- Presented by: Bill Nimmo
- Country of origin: United States
- Original language: English

Production
- Running time: 30 Minutes

Original release
- Network: CBS
- Release: June 29, 1958 – January 30, 1959

= For Love or Money (game show) =

For Love or Money is a daytime game show that aired on CBS from June 30, 1958 to January 2, 1959, hosted by Bill Nimmo. It was one of the game shows implicated in the 1950s quiz show scandals, which led to its quick cancellation.

==Format==
Each game featured three contestants attempting to buzz in and answer questions first. Each question was associated with a prize and the player with the correct answer could choose to keep to the prize or stop a "dancing decimal machine" on a five digit display which started with the prize value. Later in the show, a home viewer whose phone number was chosen at random was asked a question and if correct, had the same option to take the prize or the money.

The cash values chosen at random could range from 2¢ to $9,999; however, this only lasted the first week. Starting in the second week, the cash values now ranged from 25¢ to $2,500. Thus, the board now read: 2 5 0 0.

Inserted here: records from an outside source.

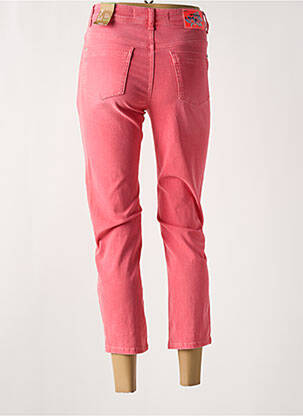 Jeans coupe slim stretch taille basse rose CECILE BOCCARA femme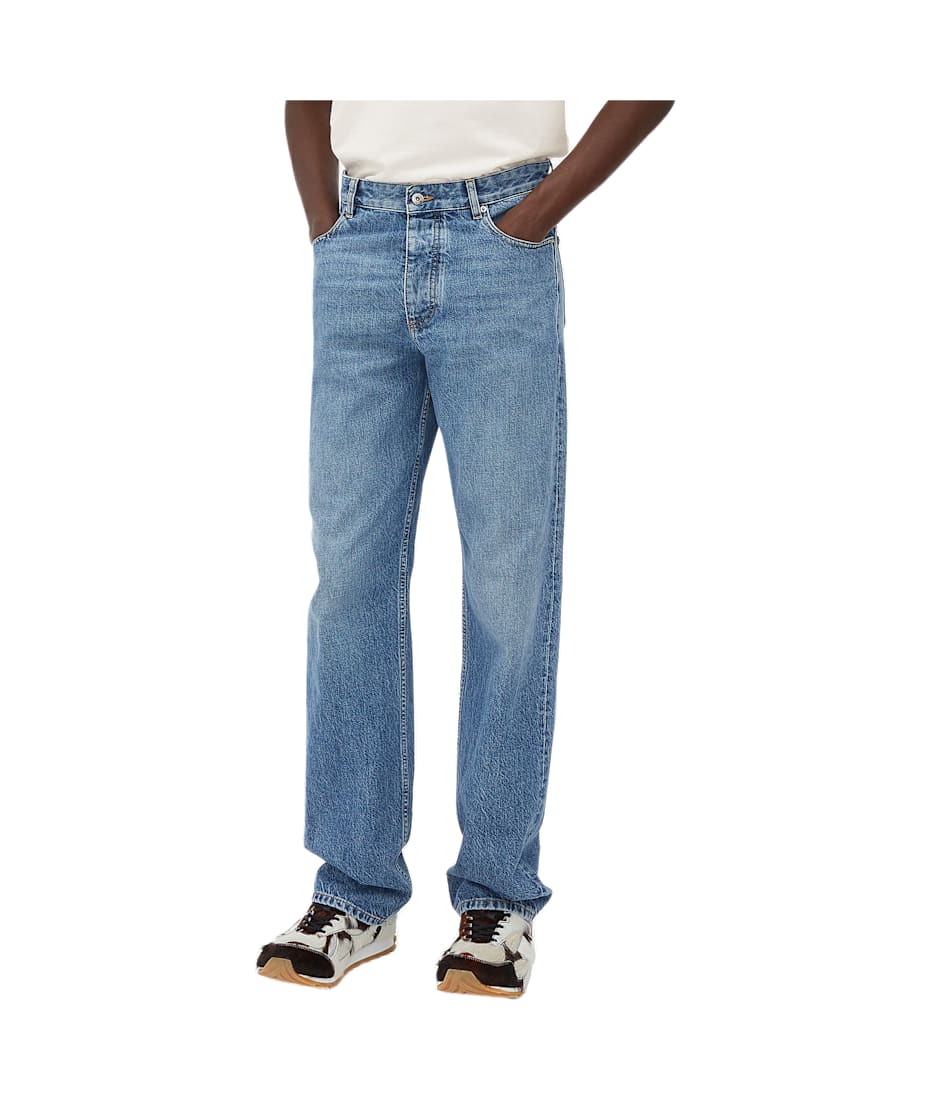 パンツ BOTTEGA VENETA Turned up jeans straight leg Indigo Bottega Veneta Vintage Indigo Straight Leg Jeans | italist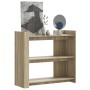 Sonoma oak engineered wood console table 100x35x90 cm by , Side tables - Ref: Foro24-848474, Price: 86,66 €, Discount: %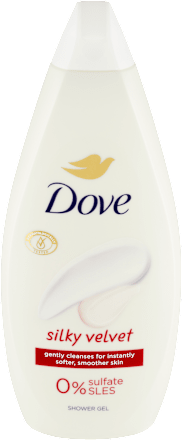 silky velvet sprchový gel  Dove
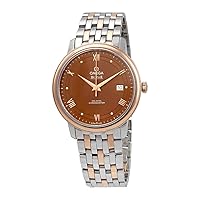 Omega De Ville Prestige Automatic Chronometer Brown Dial Two-Tone Men's Watch 424.20.40.20.13.001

In January 1959, CBS network executives learned that the "dancing decimal machine" was occasionally fixed in such a way that the prize amount it would return would actually not be random. This meant For Love or Money was subject to the same sort of problematic production practices as other implicated game shows of the time like Dotto and The $64,000 Question. CBS immediately moved to cancel the series in early February, making the January 30, 1959 episode the final one aired.

==British version==

In June 1959, ABC Productions produced a British version of For Love or Money for ITV, running for four series until 1961. Its hosts included Keith Fordyce, Bob Monkhouse, Dickie Henderson, and Des O'Connor.

The format was basically the same as the original American version, except that the board displayed a string of four 9s, and the decimal point was replaced with a "flying shilling sign", meaning contestants could win anywhere from 9/- to 9,999/- (just under £500).